He started blogging about sports, applying his expertise on forces, posture, and repetition to what professional baseball players do. Among other topics, he wrote about how the introduction of a pitch clock would put major-league pitchers at higher risk of injury.
“I ended up getting a pretty significant social media presence,” he said.
Sports sites and publications such as Fangraphs and The Athletic approached him about becoming a freelance writer. That led to an article in Sports Illustrated.
Then came a call from Craig Breslow, assistant general manager of the Chicago Cubs and a former Major League Baseball pitcher himself.
Breslow brought Sonne in for a team education seminar.

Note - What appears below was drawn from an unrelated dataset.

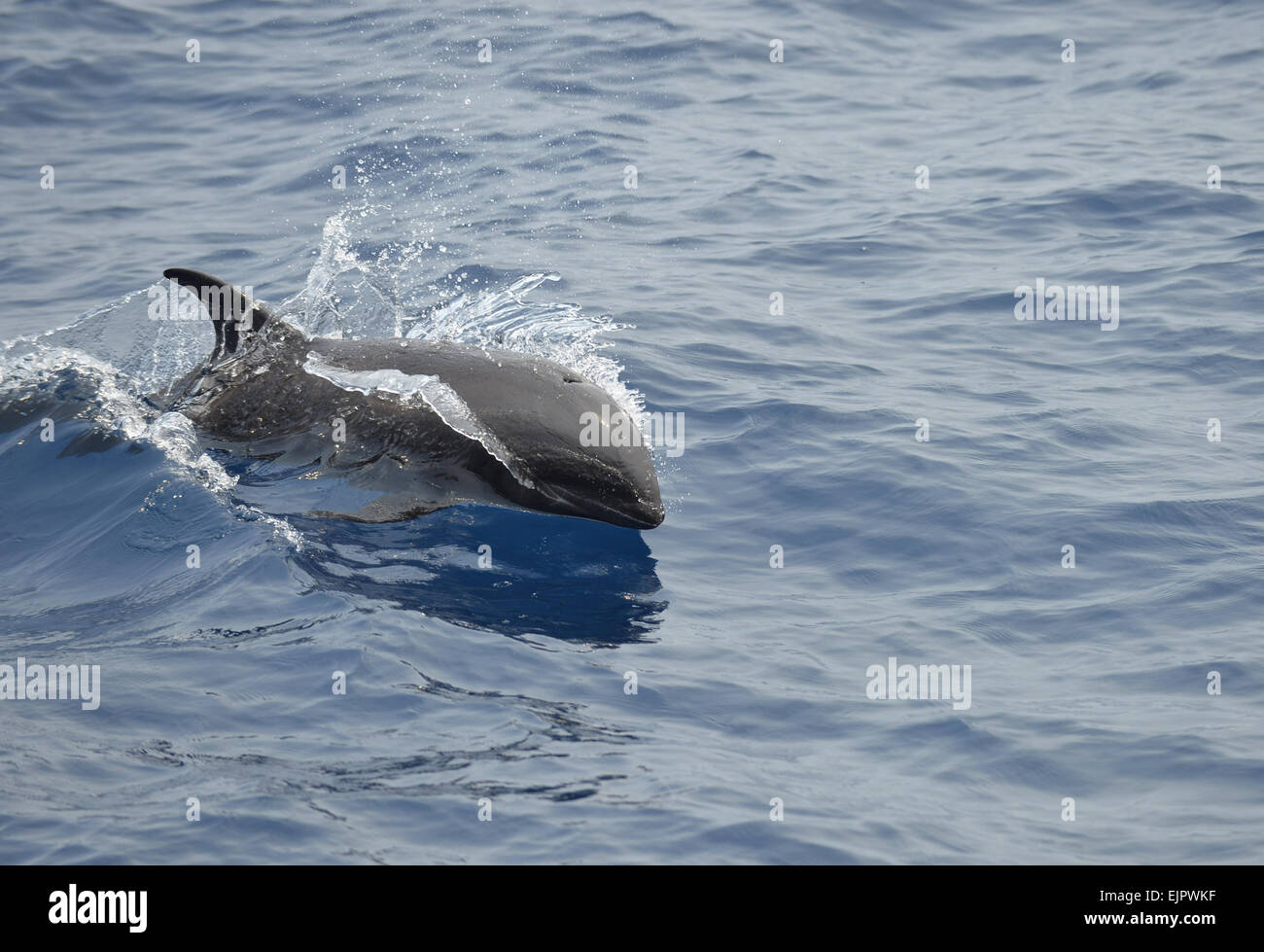 Melon capo-balena (Peponocephala electra) adulto, porpoising, Mare di Bali, Lesser Sunda Islands, Indonesia, Ottobre Foto Stock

Afterwards the two men exchanged texts about a possible role with the club.
They inked a deal in October.
Sonne spends some time at Wrigley Field each month, but spends most of his time on the road, visiting farm teams in Iowa, Tennessee, and South Carolina.
Hamilton, where Sonne is a player-coach with the Steel City Inclusive Softball Association, will remain his home base.
His parents, Patsy and Brian, still live in Windsor, a place he called home from the time he was seven.
Like when he was a boy, he revels in the magnificence of the game.
“I’m always amazed when I watch a pitcher throw,” he said. “They are so outside normal human function…. It’s a beautiful celebration of what can go right with the human body.”